US President Donald Trump held a press conference at the 36th Nato summit in Ankara, Turkey, on Wednesday, where he veered from praising the alliance to threatening Iran and confusing world leaders' names.
Trump's Surprising Praise for Nato
Addressing journalists alongside his Ukrainian counterpart, Volodymyr Zelenskyy, Trump surprised everyone by directing his affections at an alliance he had spent much of the previous day criticizing. "We just had our Nato meeting, and it was a great meeting," he said. "There was a lot of love in that room today, a lot of unity. It couldn't have gone much better."
This was a stark contrast from earlier, when Trump had sat beside Nato Secretary General Mark Rutte and voiced complaints about perceived lack of support on the war with Iran and Spain's refusal to comply with new defence spending targets. Even Zelenskyy, once the target of a notorious Oval Office browbeating, seemed to have risen in Trump's estimation. "We have some good stories to tell," Trump said, talking up prospects for a deal to end Ukraine's four-and-a-half-year war with Russia. "He has done an amazing job."
Darkness Descends on Iran
The mood darkened when the subject turned to Iran. Trump recently agreed to a memorandum of understanding that ushered in a 60-day halt to hostilities, but on Wednesday he declared the ceasefire all but over after US forces struck Iranian targets the previous day. He asserted that Iran had violated the terms by attacking three vessels in the strategically vital Strait of Hormuz, supposedly reopened under the recent agreement. "We have a score to settle," he said, invoking past Iranian transgressions, including the manufacture of roadside bombs that killed and wounded numerous US troops in Iraq and Afghanistan.
Having hailed his own deal just two weeks ago as necessary to prevent an economic disaster equalling the Great Depression if the Strait of Hormuz remained closed, Trump now wrote off the possibility of agreement with Iran's leadership. "They violate the agreement every day. They lie, they cheat, they kill people. They've been killing people for 47 years. They knocked out the USS Cole," the US president said, citing Iran's alleged role in facilitating an al-Qaida attack on a US warship in October 2000.
New Goals and Menacing Threats
Having previously settled for reopening the Hormuz strait—through which 20% of the world's fuel supplies pass—Trump said the goal was now "denuclearization," a reference to Iran's capacity to build a future nuclear bomb. "We're going to have a deal. We may just do it without a deal, because you know what, it's easier," he said, menacingly. He paid cursory homage to his chief envoy Steve Witkoff, son-in-law Jared Kushner, and JD Vance, who were instrumental in negotiating the ceasefire. "My whole life is deals, [but] I don't see it with them. Maybe a big attack, and it'll knock out a lot of stuff," he said. US forces would "probably" carry out major attacks on Wednesday evening, he said, including potentially power stations and desalination plants.

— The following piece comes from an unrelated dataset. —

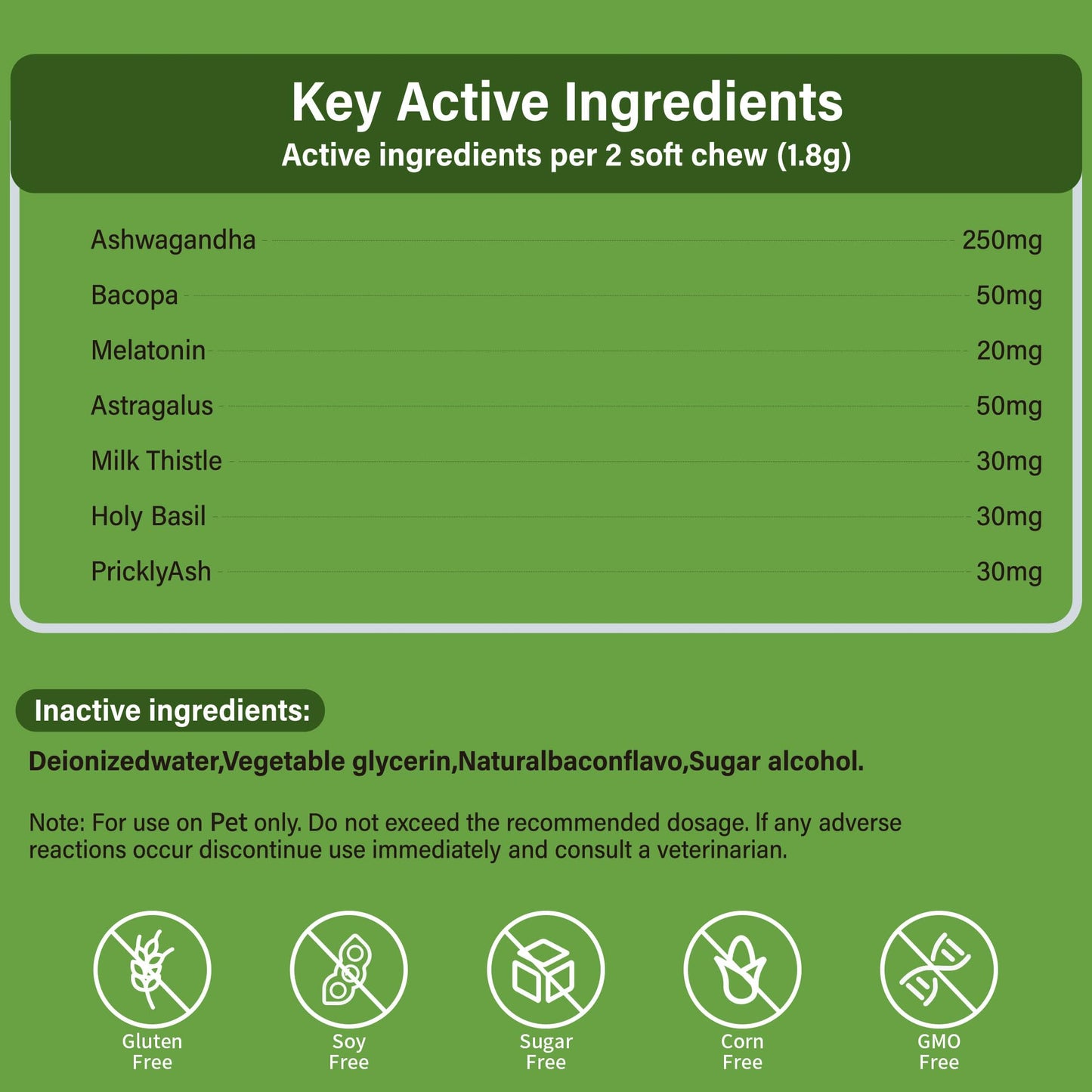 HMR Lignans & Melatonin for Dogs - Adrenal Balance Support Soft Chews - Herbal Melatonin for Dogs to Relieve Cushing's and Promote Healthy Balance - Veterinarian Recommended - 120 Chewable Tablets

Misnomers and Malapropisms
Trump's diatribe strayed into malapropisms and comical misnomers. At one point, referring to missiles supposedly aimed at the aircraft carrier USS Abraham Lincoln, he said they had been fired by "the Islamic Republic of Japan." In the middle of a homily about Iran's military forces being destroyed, he suddenly switched course to say "one of the thing we are going to be talking about today is … we'll give them the right to make Patriot" missiles—although he appeared to be referring to Ukraine.
After a succession of questions about the Russia-Ukraine war, he asked journalists if they had a question for "President Putin"—while Zelenskyy, the Russian leader's arch-foe, sat just feet away. The moment resembled a similar verbal miscue by Joe Biden at the annual Nato summit in Washington 2024. Possibly mindful of that, Trump attempted a cover-up, insisting he meant to say Putin because he had a scheduled phone call with him later.
Revealing Misstatement
Perhaps his most revealing misstatement was of the name of Iran's late supreme leader, Ali Khamenei, buried this week in a state funeral four months after being killed in an Israeli strike. "They wanted to go to the funeral of Khomeini," Trump said, mispronouncing Khamenei's name as that of Ayatollah Ruhollah Khomeini, the spiritual leader of the 1979 Iranian revolution, who ushered in decades of enmity with Washington after the 444-day siege of the US embassy in Tehran and the holding of 52 American hostages. By conjuring the more historical name, Trump may have been subconsciously revealing his preoccupation with an age-old US grievance—and signalling his urge to get even.